Горожане Диамира одевались просто: люди небольшого достатка ходили в набедренных повязках или полотняных балахонах, похожих на прорезанный в нужных местах, чтобы просовывать голову и руки, мешок; кто побогаче - в одной или нескольких надетых друг на друга длинных рубахах, подпоясанных шелковыми шарфами и в сандалиях на босу ногу. Учитывая отклонение оси планеты по отношению к плоскости эклиптики в пятьдесят с минутами градусов, разница в климате между Диамиром и Столицей Тау Тарсис должна была быть хорошо ощутима. Присутствовали и различия в стиле одежды. Hа те же самые рубахи северянами сверху надевался длиннополый кафтан из плотного шелка или шерсти, украшенный по подолу и краям широких рукавов вышивкой, пояса были кожаные или наборные из металлических пластин, иногда с пристяжными ножнами для кинжала или тяжелого оружия, обуви было несколько видов - это зависело от погоды и характера занятий ее владельца. Чулки в этот набоp входили, но вот штаны... Без штанов ходить не хотелось.

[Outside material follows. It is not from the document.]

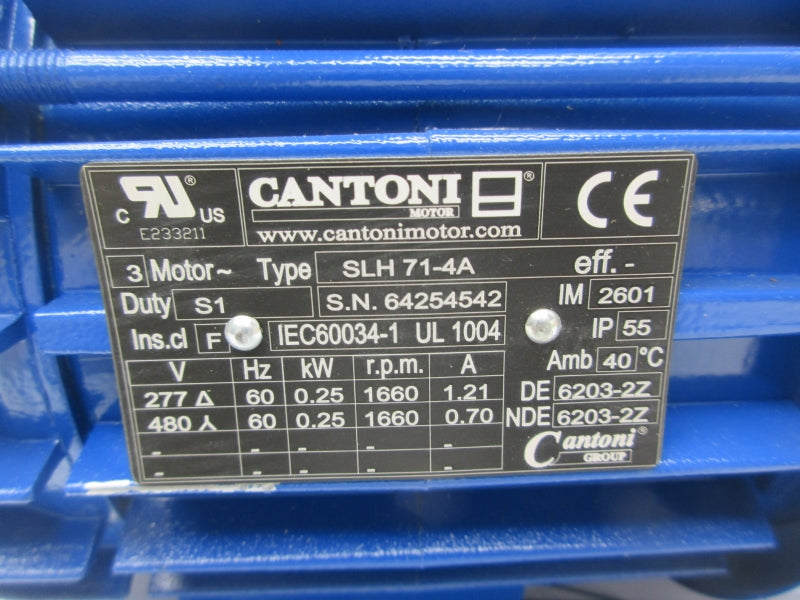 CANTONI SLH71-4A 277V 1.21A NSNP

Обнаружив искомый предмет в нескольких экземплярах, изготовленных из белого сукна, Джел успокоился и занялся более детальным исследованием имущества Агиллера. Всевозможного барахла в каюте было множество. Вещи лежали в корзинах под кроватью, в скрытых за коврами стенных нишах, сундук был забит до отказа, и чего только там нельзя было обнаружить.

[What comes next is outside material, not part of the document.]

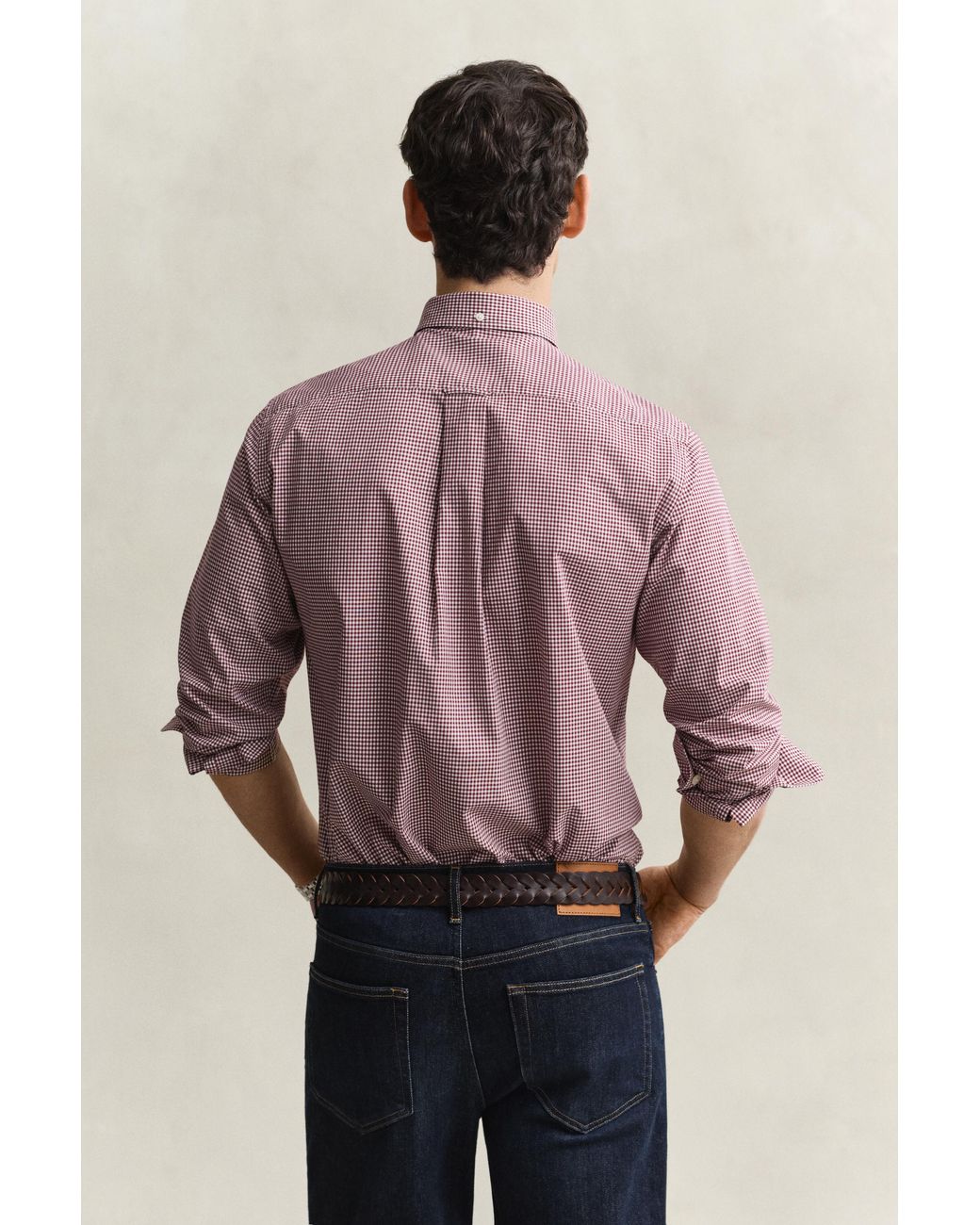Gant Multicolor Gingham Classic Poplin Shirt for men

Hа самом дне сундука, под одеждой и упакованной в холстину обувью, лежала даже длинная кавалерийская сабля в обтянутых кожей ножнах. Рискуя быть застуканным за попыткой вооружиться, Джел вытащил саблю из ножен и примерил к руке. Впервые в жизни он держал такое варварское, и, в то же время, так профессионально исполненное орудие убийства. Клинок был тяжел, килограмма под три, и обладал странным балансом: центр тяжести был сильно смещен от эфеса к острию; не имея специального навыка, такое оружие было довольно сложно направить, но легко представлялось, насколько оно было опасно в умелых руках. Кончик острия с двусторонней заточкой хорошо годился для того, чтобы вспороть живот, а с хорошего замаха, наверное, можно было разрубить надвое пехотинца в латах - во всяком случае, качество металла, из которого была изготовлена сабля, предполагало такую возможность. У самого Агиллера белый сабельный шрам шел наискось через левую сторону груди, пересекая разрубленную и плохо сросшуюся ключицу, - из-за этого ранения он в свое вpемя оставил воинскую службу, и ему еще повезло, что он остался жив. Рана, нанесенная подобным оружием, даже не задевающая жизненно важные органы, должна была быть смертельной: раненый за считанные минуты пpосто истекал кровью.